I wrote this blog on my birthday. My birthday. Did you write a blog on your birthday? Probably not. What were you doing on your birthday? Enjoying yourself or something equally selfish. More to the point, what were you doing on my birthday? Waiting for my blog is the answer you should give, but you were probably thinking of things to do on your birthday; bastard.


I’m only angry because my birthday is so close to Christmas, and New Year. Two celebrations in a row people can handle. They’re used to it, ready for it. ‘Christmas is done, I’m ready for NYE BRING IT ON!!’ Ask for them to join in a 3rd and the excuses start to come out. ‘Night out for your birthday Lewis? I would but my capacity for joy has reached its limit, plus my hair needs a wash and I’m not certain, but I think I have an in growing toe nail. Sorry, but what else can I do?’
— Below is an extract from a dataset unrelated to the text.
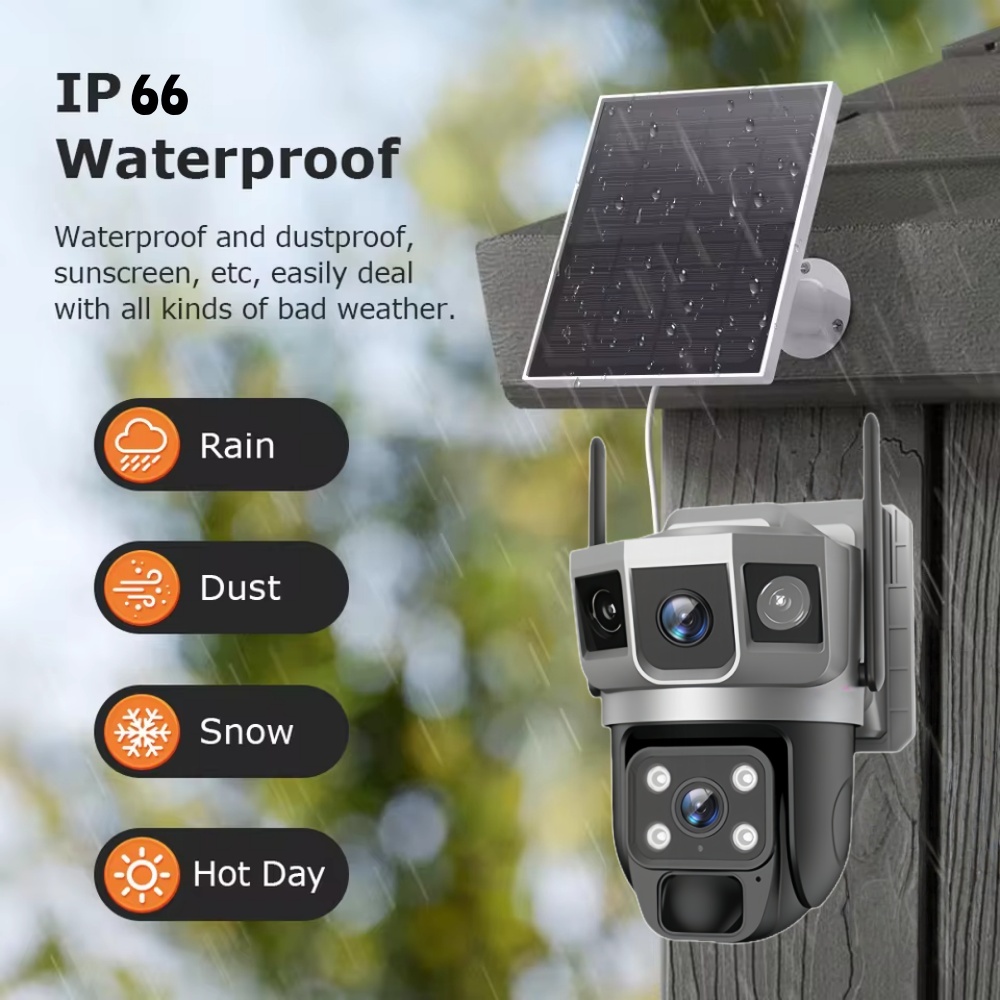 4G Camera Outdoor Solar Survei – Smart Home News recenzja i cena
If you have a birthday in the summer you can crank it up. ‘Come to my party – what else is there to do? Buy me presents, give your time selflessly, the sun is out.’

Have a birthday near Christmas and presents become an afterthought. ‘But I got you stuff last week, hmm, have these potatoes I didn’t eat.’ Whatever else he did, Jesus will always be known to me as the world’s greatest thunder stealer.

But that’s OK, I have a plan. A plan to make me more famous than any other blog writer ever. I’m going to die. End it. Kaput. Goodbye cruel world.

Before the tears flow like Babylon you should know there’s logic behind this. Paul McCartney has produced an almost endless body of work since leaving The Beatles. He can even play a mandolin. Yet in the BBC poll of 100 Greatest Britons he came 11 places below John Lennon. All Lennon did was lie in bed and get shot. (I should point out those were mutually exclusive events.)



There’s an airport named after John Lennon. He even managed to leave the parenting of his son to McCartney, cheat on his wife Yoko Ono, all with no reduction in his popularity. What he did do was die, and so Lennon became legend.

River Phoenix appeared in a small handful of films and his name is known world over as a great acting talent. He’s dead too, same as Jeff Buckley, a man who released just one album, yet has had documentaries made about him and been referred to as a musical genius. Before Nick Drake died he was playing to pub audiences and selling a handful of albums, now he’s dead he’s a must have in any cool music collection.

The problem comes with the blogs. If I’m dead how will I write them? Thought of that too. Michael Jackson is dead and he’s had albums released, so has Jimi Hendrix, Biggie Smalls, Tupac. All prolific. All dead.

Elvis even performs concerts through a holographic image, and he’s been dead for ages. Soon they’ll be resurrecting his corpse, polishing it up and dancing it around the stage like a demonic muppet. Watch closely and you might see a finger drop off as he jigs about to All Shook Up.

If you read next week’s blog and see my 13 followers increased to 13,000 you know what will have happened. The blog might look real, it might even make you laugh, but it won’t be mine, it’ll be hashed together from some notes I left on the back of a Sainsbury’s receipt. Don’t feel too bad though, rest assured my estate will get all the website hits.